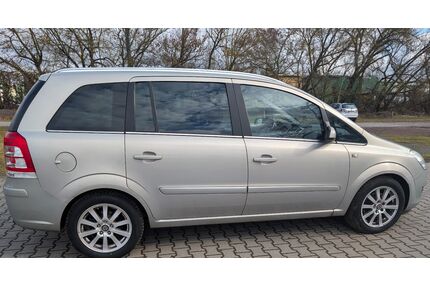 Opel Zafira Gebrauchtwagen
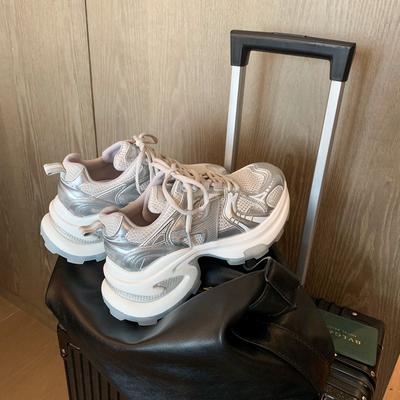 Спортивная обувь Поп-обувь Весенняя женская обувь Модные дышащие двойные сетчатые толстые низкие кроссовки с цветовым сочетанием Удобные классические кроссовки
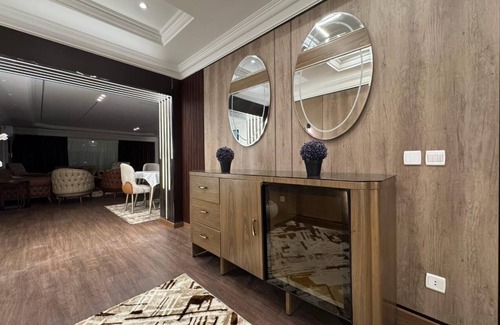 Al-Basatin Apartamento | “Wake up to Nile views and live the luxe life in Lovely 3-bedroom -with AC”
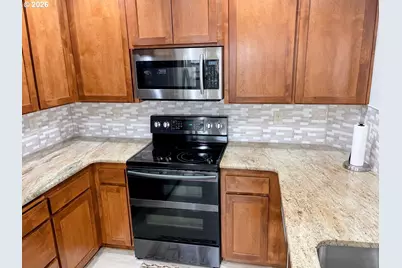 606 E Johnson St, Carlton, OR 97111 - Photo 13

========================

TASK TO CARRY OUT: Reproduce the entire listing above precisely, but keep the images out.

RESULT:
 Opel Zafira Gebrauchtwagen
 Спортивная обувь Поп-обувь Весенняя женская обувь Модные дышащие двойные сетчатые толстые низкие кроссовки с цветовым сочетанием Удобные классические кроссовки
 Al-Basatin Apartamento | “Wake up to Nile views and live the luxe life in Lovely 3-bedroom -with AC”
 606 E Johnson St, Carlton, OR 97111 - Photo 13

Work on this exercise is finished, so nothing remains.